Tristan Hume

Github Resume + Project List Blog

Teleforking a process onto a different computer!

One day a coworker mentioned that he was thinking about APIs for distributed compute clusters and I jokingly responded “clearly the ideal API would be simply calling telefork() and your process wakes up on every machine of the cluster with the return value being the instance ID”. I ended up captivated by this idea: I couldn’t get over how it was clearly silly, yet way easier than any remote job API I’d seen, and also seemingly not a thing computers could do.

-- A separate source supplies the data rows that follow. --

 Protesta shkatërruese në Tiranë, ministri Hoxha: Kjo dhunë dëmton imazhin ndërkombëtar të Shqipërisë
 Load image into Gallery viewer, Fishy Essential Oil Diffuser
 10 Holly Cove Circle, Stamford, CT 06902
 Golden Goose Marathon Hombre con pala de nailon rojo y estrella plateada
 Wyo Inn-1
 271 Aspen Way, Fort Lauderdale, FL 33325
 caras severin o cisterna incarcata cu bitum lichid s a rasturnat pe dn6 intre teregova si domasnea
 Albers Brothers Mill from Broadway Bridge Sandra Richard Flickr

I also kind of knew how I could do it, and I already had a good name which is the hardest part of any project, so I got to work.

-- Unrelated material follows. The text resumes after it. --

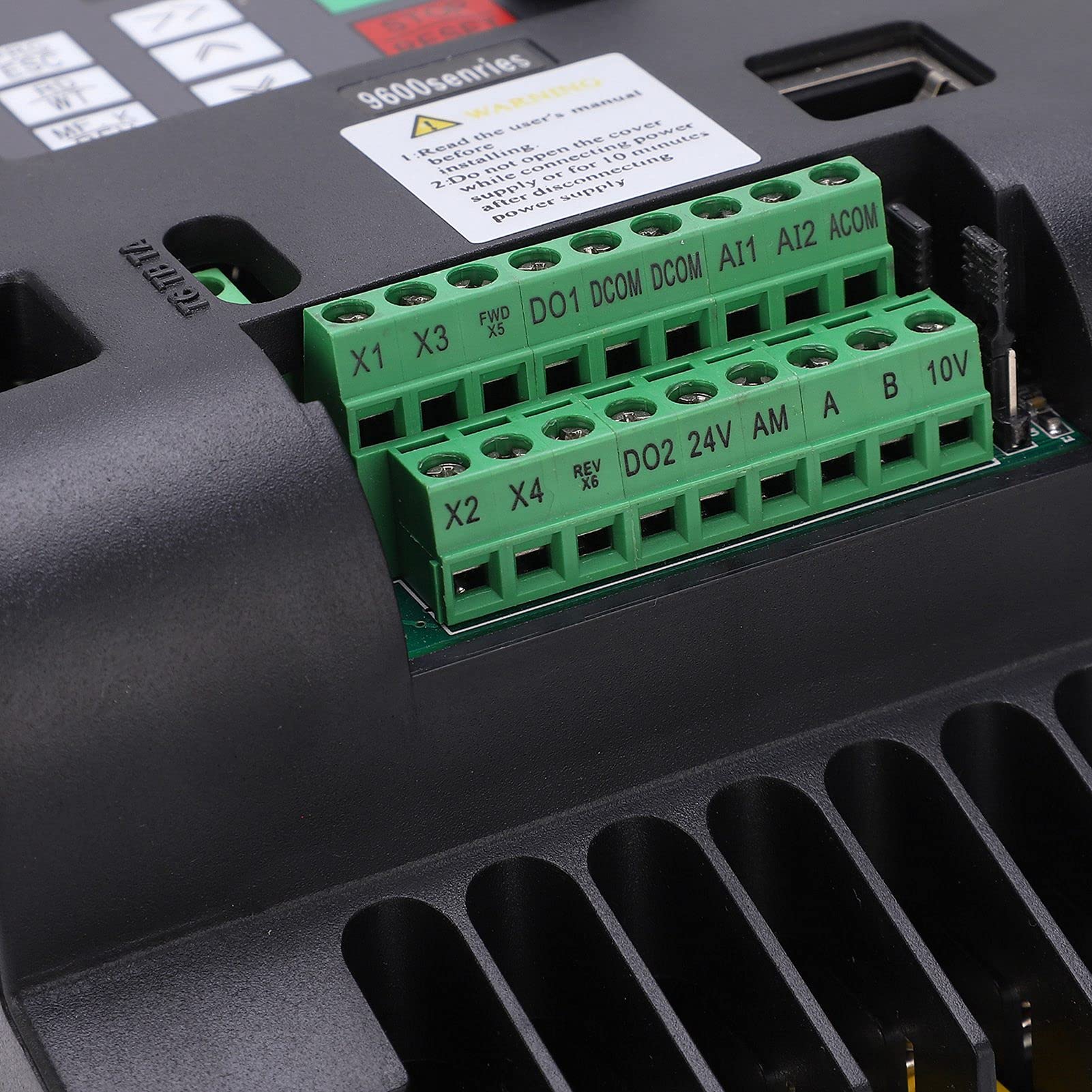 Zerodis Falownik Wektorowy 3-fazowy Napęd o Zmiennej Częstotliwości 7,5 KW 380 V 16 A Sterowanie PWM z PID V F Tryby Wektorowego Stałego Skrętu dla Sprężarki Powietrza Centralny Klimatyzator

In one weekend I had a basic prototype, and in another weekend I had a demo where I could telefork a process to a giant VM in the cloud, run a path tracing render job on lots of cores, then telefork the process back, all wrapped in a simple API.

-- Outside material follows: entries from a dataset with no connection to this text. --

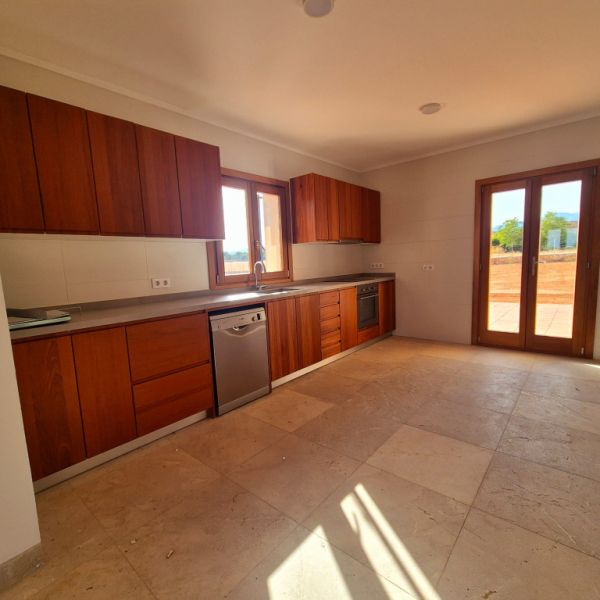 Newly built rustic finca with views of the Serra de Tramuntana – Inca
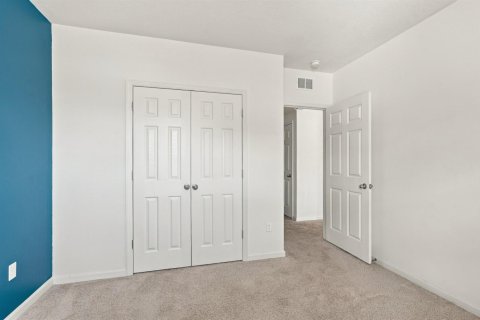 Villa ou maison à vendre à St. Lucie, Floride: 5 chambres, 244.7 m2 № 2421404 - photo 16
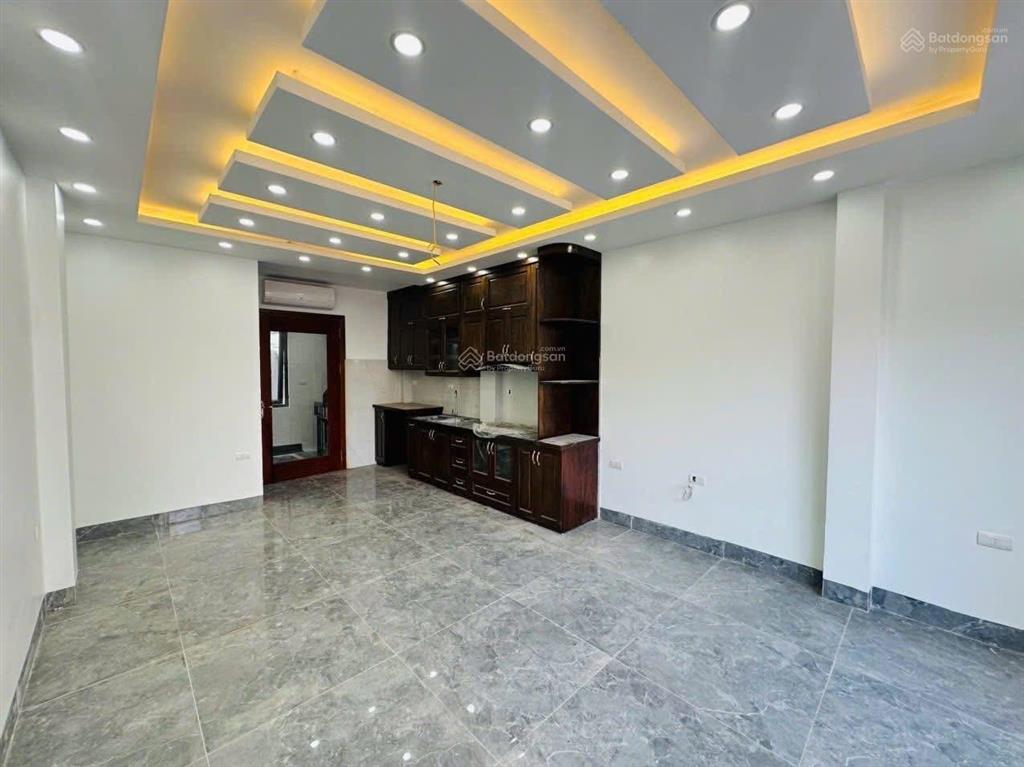 Giảm sâu  phân lô hoàng quốc việt, ô tô tránh vỉa hè  6 tầng thang máy xây mới  hơn 15 tỷ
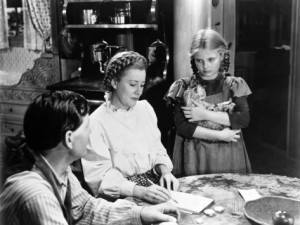 Irene Dunne is the enduring matriarch of "I Remember Mama."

Here’s a video of it running a render on a 64 core cloud VM in 8 seconds (plus 6s each for the telefork there and back). The same render takes 40s running locally in a container on my laptop:

How is it possible to teleport a process? That’s what this article is here to explain! The basic idea is that at a low level a Linux process has only a few different parts, and for each of them you just need a way to retreive it from the donor, stream it over the network, and copy it into the cloned process.

You may be thinking, “but wait, how can you replicate [some reasonable thing like a TCP connection]?” Basically I just don’t replicate tricky things so that I could keep it simple, meaning it’s just a fun tech demo you probably shouldn’t use for anything real. It can still teleport a broad class of mostly computational programs though!

What does it look like

I wrote it as a Rust library but in theory you could wrap it in a C API and then use it via FFI bindings to teleport even a Python process. The implementation is only about 500 lines of code (plus 200 lines of comments) and you use it like this:

use telefork::{telefork, TeleforkLocation};

fn main() {
    let args: Vec<String> = std::env::args().collect();
    let destination = args.get(1).expect("expected arg: address of teleserver");

    let mut stream = std::net::TcpStream::connect(destination).unwrap();
    match telefork(&mut stream).unwrap() {
        TeleforkLocation::Child(val) => {
            println!("I teleported to another computer and was passed {}!", val);
        }
        TeleforkLocation::Parent => println!("Done sending!"),
    };
}

I also provide a helper called yoyo that teleforks to a server, executes a closure you give it, then teleforks back. This provides the illusion that you can easily run a snippet of code on a remote server, perhaps one with much more compute power available.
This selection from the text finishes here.